Wie übersieht man einen Elefanten?

In der Bündner Zeitung erschien kürzlich der Aufruf an die Bündner Jäger, nach heimischem Auerwild Ausschau zu halten, um dessen tatsächlichen Bestand zu ermitteln. Der Bestand sinkt aus „unerklärlichen Gründen“ seit ein paar Jahren. Schätzungen des Bündner Amtes für Jagd und Fischerei gehen derzeit von rund 320 Vögeln aus, das sind immerhin 35 bis 45 Prozent des Schweizer Auerhahnbestandes.

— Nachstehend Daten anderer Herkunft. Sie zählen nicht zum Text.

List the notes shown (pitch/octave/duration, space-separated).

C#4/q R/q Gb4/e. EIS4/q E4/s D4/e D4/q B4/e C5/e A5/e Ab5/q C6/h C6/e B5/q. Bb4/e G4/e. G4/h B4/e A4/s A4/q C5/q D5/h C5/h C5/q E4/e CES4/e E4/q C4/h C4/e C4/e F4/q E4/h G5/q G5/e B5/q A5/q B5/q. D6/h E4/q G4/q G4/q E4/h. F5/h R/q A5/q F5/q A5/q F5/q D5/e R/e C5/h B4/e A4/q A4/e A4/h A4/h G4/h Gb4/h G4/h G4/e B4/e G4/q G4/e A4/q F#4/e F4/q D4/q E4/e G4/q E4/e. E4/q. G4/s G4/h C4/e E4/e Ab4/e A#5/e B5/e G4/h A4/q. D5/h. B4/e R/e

Wenn die Journalisten der Bündnerzeitung die Ursache schon mal vorsorglich beim Klima und den Freizeitsportlern orten – natürlich ohne jegliche Belege – ist das wohl eher als eine Übung in politischer Korrektheit zu betrachten, oder als ein weiteres Beispiel dafür, wie eine kleine, aber laute Minderheit mit Hilfe von finanzstarken NGO’s Einfluss auf die Presse ausübt.

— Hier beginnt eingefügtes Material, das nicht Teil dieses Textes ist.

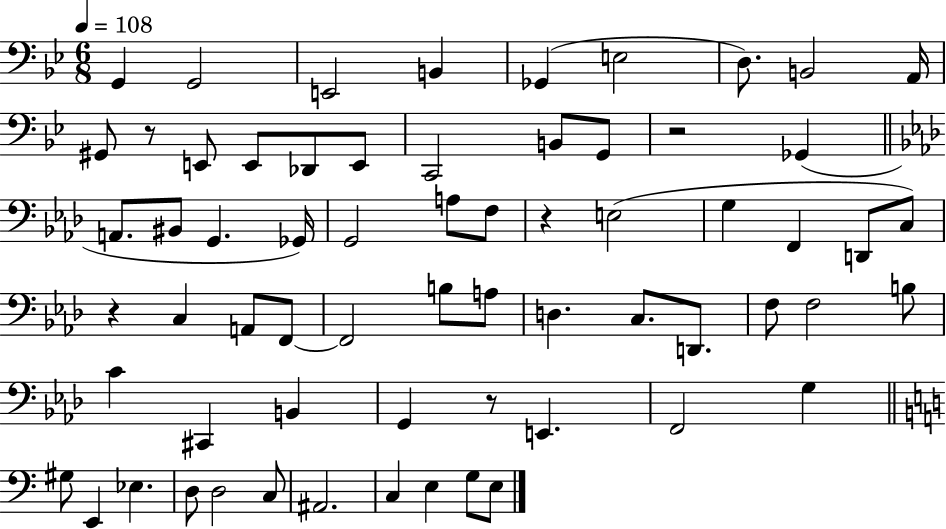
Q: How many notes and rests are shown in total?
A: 65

Man darf sich zu Recht fragen, wie so viele „gescheite“ Leute den Elefanten im Raum übersehen können. Dabei gibt es bereits wissenschaftliche Studien, welche klar aufzeigen, wer denn eigentlich den Bodenbrütern tatsächlich zu Leibe rückt. Freizeitsportler und das Klima sind es jedenfalls nicht!

Gravierende Auswirkungen der Herdenschutzmassnahmen

Laut einer Metastudie aus dem Jahr 2020 sind freilaufende Herdenschutzhunde (HSH) ein grosses Problem, denn sie greifen deutlich häufiger andere wildlebende Tiere an, als Tiere, die sie tatsächlich abzuwehren hätten, wie zB. Wölfe (Smith et al. 2020). Die Studie fand, dass 62 wildlebende Arten direkt von der Wilderei der HSH betroffen sind, darunter auch das Auerhuhn und sogar auch elf Arten, die sich auf der „roten Liste“ der International Union for Conservation of Nature, kurz IUCN, befinden.

Alleine im laufenden Jahr sind in Graubünden 400 HSH im Einsatz. Dass es nach dieser enormen Zunahme von HSH in den letzten Jahren plötzlich weniger Auerwild gibt, sollte eigentlich niemanden überraschen, ist es doch bei weitem nicht der erste Fall, wo eine scheinbar „gute“ menschliche Einwirkung auf die Natur zu gänzlich ungewollten Auswirkungen führte. „Anstehende Probleme wurden gelöst, ohne dass die dabei entstandenen Fernwirkungen gesehen wurden“, schrieb schon Dörner 1989 in „Die Logik des Misslingens“.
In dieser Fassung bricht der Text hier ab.